In this case they identified the car through the agents Facebook page and had little challenge finding the agents place of work to then follow said agent to locate the car. The rest as they say is in the Police records.
This is not some high tech top market exclusive group of intellectual thieves, but some very basic everyday people using the Internet to harvest information that can target individuals in their own homes almost in real time.
Techniques used by burglars include:
- Google streetview – enables thieves to case properties in advance without any exposure.
- Techniques common to stalkers, to ID vulnerable properties or assets.
- Searches on Facebook and Twitter can be tailored to ID target user groups when they leave local jurisdictions and are therefore likely to be out of the country.
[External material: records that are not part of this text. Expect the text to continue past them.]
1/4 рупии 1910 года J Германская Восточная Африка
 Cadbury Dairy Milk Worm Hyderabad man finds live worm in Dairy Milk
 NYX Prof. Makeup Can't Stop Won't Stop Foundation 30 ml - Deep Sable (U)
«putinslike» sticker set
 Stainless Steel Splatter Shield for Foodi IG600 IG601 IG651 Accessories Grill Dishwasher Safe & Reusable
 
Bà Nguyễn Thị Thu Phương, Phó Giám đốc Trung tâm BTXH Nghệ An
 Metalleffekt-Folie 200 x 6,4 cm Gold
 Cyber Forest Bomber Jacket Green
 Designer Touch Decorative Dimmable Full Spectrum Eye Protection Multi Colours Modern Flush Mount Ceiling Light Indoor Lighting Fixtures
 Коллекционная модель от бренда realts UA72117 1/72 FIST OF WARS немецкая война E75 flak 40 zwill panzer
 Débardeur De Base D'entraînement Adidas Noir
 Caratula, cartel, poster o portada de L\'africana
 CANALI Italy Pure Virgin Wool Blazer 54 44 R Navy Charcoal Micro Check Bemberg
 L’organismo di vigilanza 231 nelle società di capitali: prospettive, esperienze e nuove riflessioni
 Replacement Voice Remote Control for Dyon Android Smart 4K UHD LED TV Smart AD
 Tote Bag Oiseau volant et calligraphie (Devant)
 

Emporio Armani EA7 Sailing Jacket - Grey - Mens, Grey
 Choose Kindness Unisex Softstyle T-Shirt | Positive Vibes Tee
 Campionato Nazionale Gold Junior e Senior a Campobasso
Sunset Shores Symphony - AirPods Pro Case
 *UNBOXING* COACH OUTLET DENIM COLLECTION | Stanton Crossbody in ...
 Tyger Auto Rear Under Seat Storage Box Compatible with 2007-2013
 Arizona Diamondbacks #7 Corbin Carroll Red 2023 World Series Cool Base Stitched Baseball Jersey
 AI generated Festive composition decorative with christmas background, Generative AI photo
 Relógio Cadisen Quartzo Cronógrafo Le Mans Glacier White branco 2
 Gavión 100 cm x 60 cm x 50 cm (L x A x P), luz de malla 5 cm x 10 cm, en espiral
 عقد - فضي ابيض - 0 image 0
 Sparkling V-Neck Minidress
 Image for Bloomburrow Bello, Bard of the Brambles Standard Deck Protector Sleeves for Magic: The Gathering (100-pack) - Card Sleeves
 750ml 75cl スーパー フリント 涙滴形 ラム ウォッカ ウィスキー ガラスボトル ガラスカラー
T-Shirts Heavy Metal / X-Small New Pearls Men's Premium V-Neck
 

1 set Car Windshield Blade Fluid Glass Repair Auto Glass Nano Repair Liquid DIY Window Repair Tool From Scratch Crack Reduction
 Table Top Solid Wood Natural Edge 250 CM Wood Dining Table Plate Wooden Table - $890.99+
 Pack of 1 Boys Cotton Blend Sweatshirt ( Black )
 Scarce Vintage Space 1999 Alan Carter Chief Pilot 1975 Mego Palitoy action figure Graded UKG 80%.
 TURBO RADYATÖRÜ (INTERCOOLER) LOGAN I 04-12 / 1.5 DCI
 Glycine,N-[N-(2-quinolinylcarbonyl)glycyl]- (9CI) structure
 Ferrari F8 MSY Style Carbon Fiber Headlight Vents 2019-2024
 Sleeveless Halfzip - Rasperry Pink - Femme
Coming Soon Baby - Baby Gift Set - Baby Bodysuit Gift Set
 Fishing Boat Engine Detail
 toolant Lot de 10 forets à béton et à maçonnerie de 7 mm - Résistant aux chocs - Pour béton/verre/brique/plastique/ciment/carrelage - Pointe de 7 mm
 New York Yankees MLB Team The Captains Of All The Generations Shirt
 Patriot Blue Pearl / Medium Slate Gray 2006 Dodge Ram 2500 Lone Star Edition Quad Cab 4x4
- Foursquare broadcasting when individuals are at transit locations such as airports and stations. Combine these to build individual movement profiles.
- Facebook’s ‘Open Graph’ search is a superhighway to targeting user profiles with publicly exposed data.
- Location tagging – Mobile phone apps increasingly defaulting to broadcast location.
- Document and image meta data such as ‘EXIF’ embedded into image files.
What can you do to stop this is not as easy as you think. Trying to rein in this data once ousted is almost impossible. Facebook is merciless in holding onto your data and exposing it at their leisure when they elect to change their privacy rules as they have done many times.
Peer pressure makes it hard to get friends to respect your privacy and not post photos and other revealing data about you. Anonymity is not as simple as people think. A Photo today often gives away more than it reveals on the surface, just got to http://www.findexif.com/ to find out what digital delights are contained in an image file, such as GPS location etc.
Its better late than never so maybe try some of the following:
- Stop using Facebook, this is probably a tall order but it represents the world’s largest surveillance platform. At least lock down your privacy settings and be VERY selective over whom you ‘friend’. Maybe it’s time to cull some of those less familiar connections and start going for trusted quality rather than ego pumping quantity. Also stop sharing with friends of ‘friends’.
- Stop using Google GMail, or associated free document collaboration services. Google scans all your communications and this is you also imposing exposure on those you chose to communicate with as you are inviting them into this surveillance trap.
- Do not share movement information such as vacations, or if you must do so retrospectively NOT real time.
- Proactively search for and disable location sharing functionality on your mobile apps and social media platforms.
- If a mobile app or online social media platform does not allow you to disable location sharing, delete it.
- Use a VPN proxy to obfuscate your location. There are plenty of free ones out there, see a good article on the subject ‘Why you should start using a VPN’
- Improve your home security. Use technology in your favour such as WiFi camera’s that can monitor your home and capture video. If you do get burgled then at least you can have evidence. But PLEASE make sure you are relaying the data to a secure file share NOT saving it to your home server which is likely to get stolen!!
- Remember the biggest deterrent to Burglars is VISIBLE alarm systems. These will deflect 90% according to industry insights.
- Create clear mental demarcation lines so you become discounted about what you do online and also apply this to how you relate to other peoples data.
- Stop posting information just for the sake of it. It all adds up, whether it is about you or someone else.
- Anonymity DOES NOT EXIST in a Big Data world. Nothing you put up will be anonymous for long.
The biggest thing you can do is start leading by example, start turning off the firehouse of your own PII flooding into the public domain.